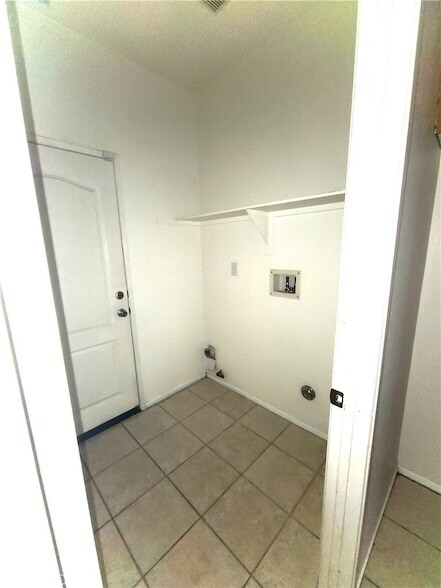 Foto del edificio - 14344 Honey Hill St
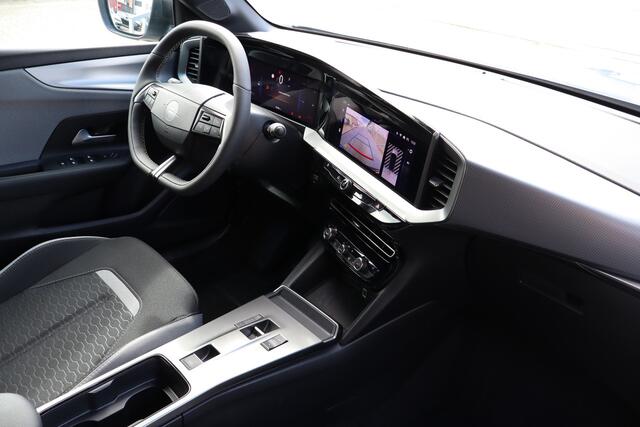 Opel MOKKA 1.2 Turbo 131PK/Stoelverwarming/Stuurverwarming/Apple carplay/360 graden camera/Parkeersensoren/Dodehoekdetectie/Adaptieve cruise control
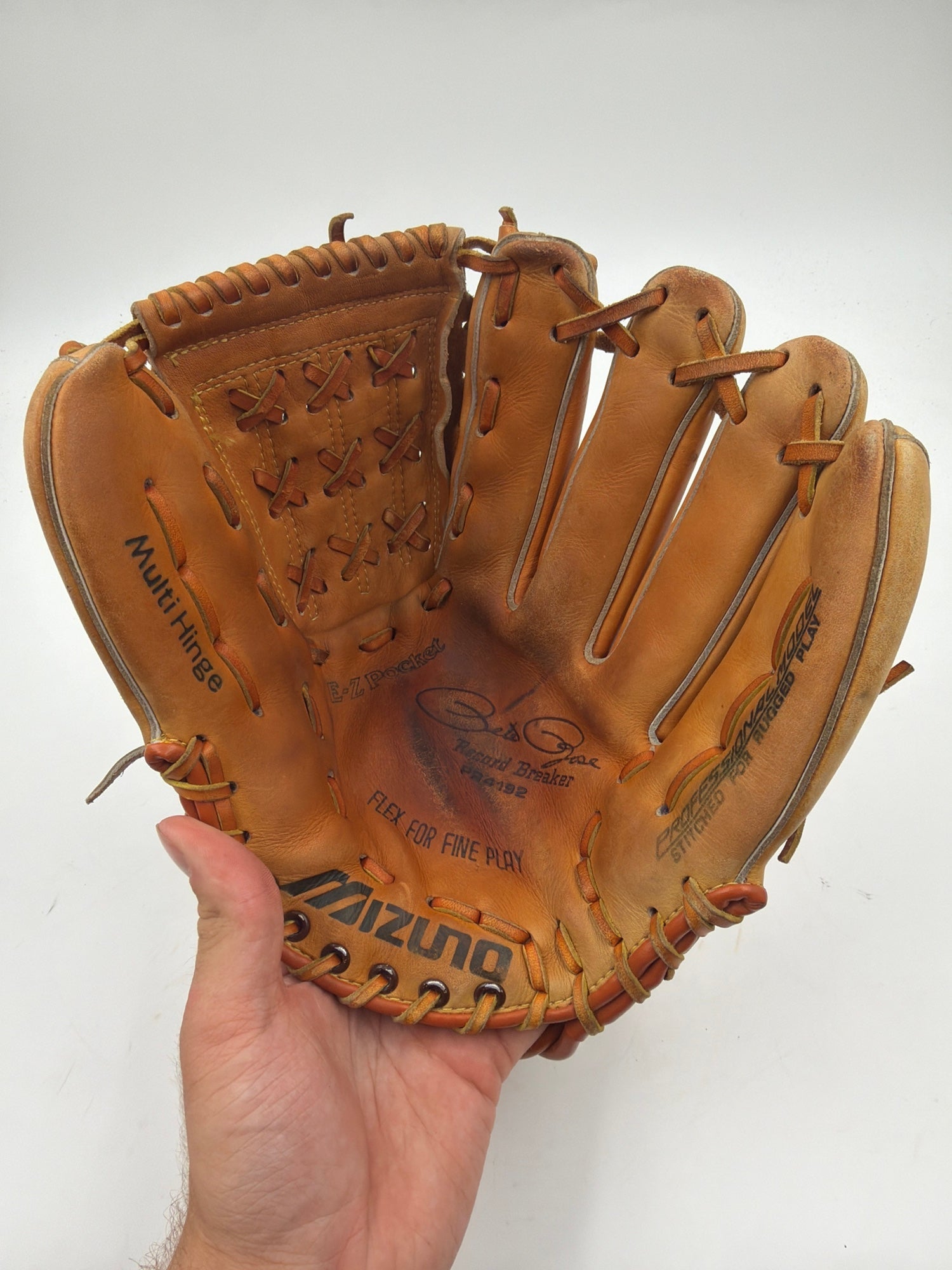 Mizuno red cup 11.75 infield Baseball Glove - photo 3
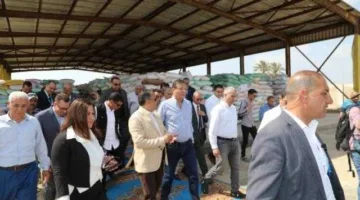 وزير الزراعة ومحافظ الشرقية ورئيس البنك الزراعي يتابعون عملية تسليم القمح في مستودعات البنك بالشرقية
========================================================================
* Exercise
The expected output is the lines from the line that contains "Opel MOKKA 1.2" through the last line of the material, reproduced exactly, with both ends present and pictures absent.

* Solution for this task
 Opel MOKKA 1.2 Turbo 131PK/Stoelverwarming/Stuurverwarming/Apple carplay/360 graden camera/Parkeersensoren/Dodehoekdetectie/Adaptieve cruise control
 Mizuno red cup 11.75 infield Baseball Glove - photo 3
 وزير الزراعة ومحافظ الشرقية ورئيس البنك الزراعي يتابعون عملية تسليم القمح في مستودعات البنك بالشرقية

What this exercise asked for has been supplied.